My Lords, I agree with the noble Marquess that it would be of great advantage if it were possible to find out the amounts expended in repairs and improvements by the local authorities since the adoption of the Act of 1902. I sympathise with what the noble Marquess said as to the increase in the rates in most parts of the country, and it is by such inquiries as this that we can get an idea as to why the rates are so burdensome. Having occupied the position of President of the Board of Education I can recognise the difficulty of obtaining statistics from the local authorities, but the amount spent on repairs and improvements in provided and non-provided schools should be obtainable because the local authority is bound to keep the accounts of all the expenses of all schools within its area. But I admit the difficulty of differentiating the "wear and tear" expenses in non-provided schools, and I do not see how the Board of Education could find out the amount expended by the managers of non-provided schools on repairs and improvements. It would be very interesting to know what has been spent on these voluntary schools; but I think the only body that could supply the information would be the National Society.

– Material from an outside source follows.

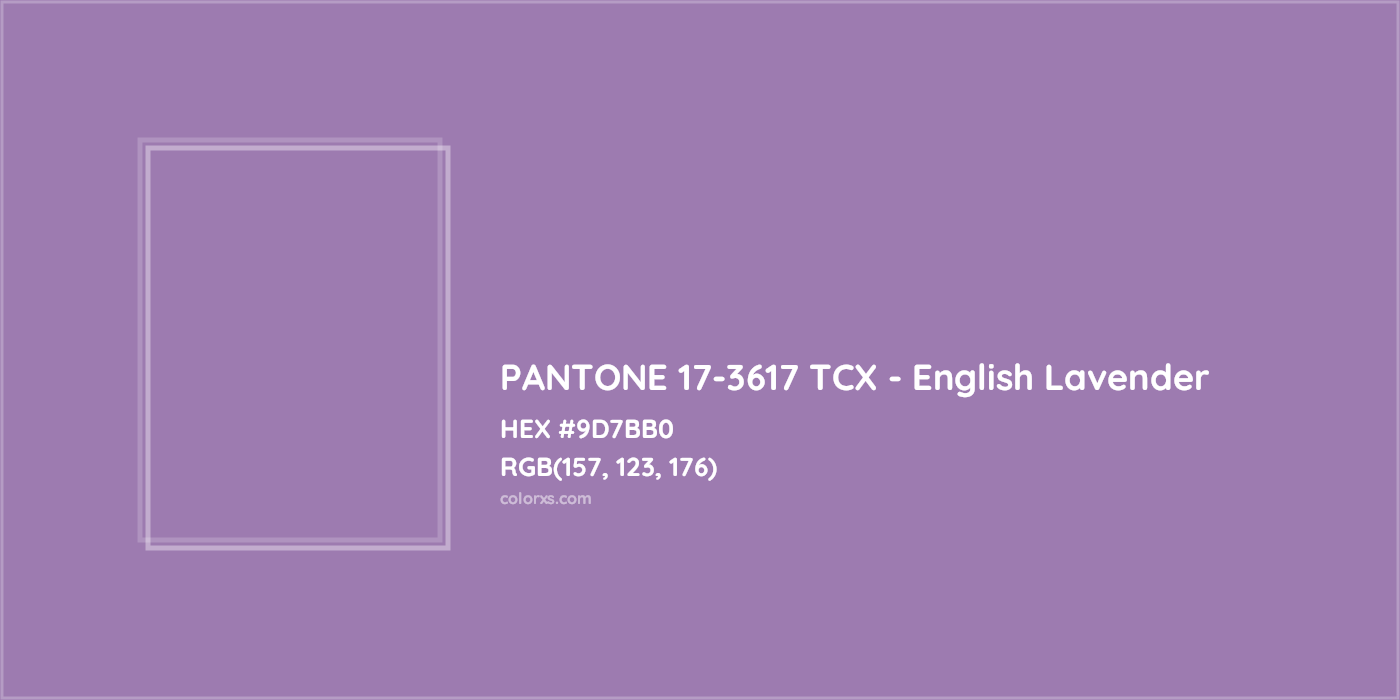 HEX #9D7BB0 PANTONE 17-3617 TCX - English Lavender CMS Pantone TCX - Color Code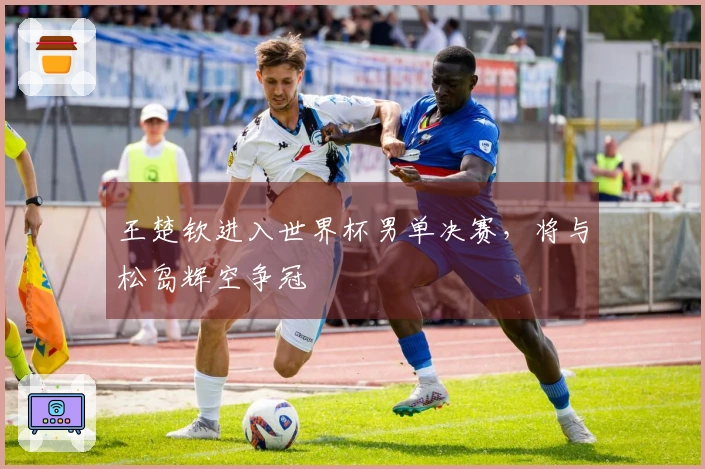 王楚钦进入世界杯男单决赛，将与松岛辉空争冠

I have been endeavouring, as regards schools connected with the Church of England, to obtain such statistics as are available of the sums spent from voluntary sources since 1892. The investigation is not quite so simple in all cases as the noble Marquess thinks. I do not, however, mean that it is not forthcoming, and any information we ultimately get will be entirely at the service of the House.


My Lords, my noble friend behind me has stated that His Majesty's Government will be most happy to give all possible information to the House in connection with the subject of education. We quite agree that it is most desirable we should do so; but the information ought to be full and not partial, or there will be a danger of all kinds of inaccurate conclusions being drawn from it. It is quite possible that the National Society may be willing to give the information, but there are many denominational schools which are not under the National Society at all. I have several schools of my own that are in connection with the Established Church because the majority of the parishioners are connected with the Established Church, but they are none of them under the National Society. The Return would, therefore, be a very imperfect one. I am afraid many private owners of schools would find it extremely difficult to make out those accounts, and I do not think they would be willing to give themselves the trouble. Do not let us have inadequate and unsatisfactory information. If we do we shall have all sorts of contradictory conclusions drawn from it, and it will be practically of no use at all. As to the information asked for, there is no possible chance of its being obtained in time for the discussions on the Education Bill. I therefore hope the noble Lord will not press for the Return.


I beg to withdraw my request for the Return.

House adjourned at a quarter before Seven o'clock, to Friday next, half-past Ten o'clock.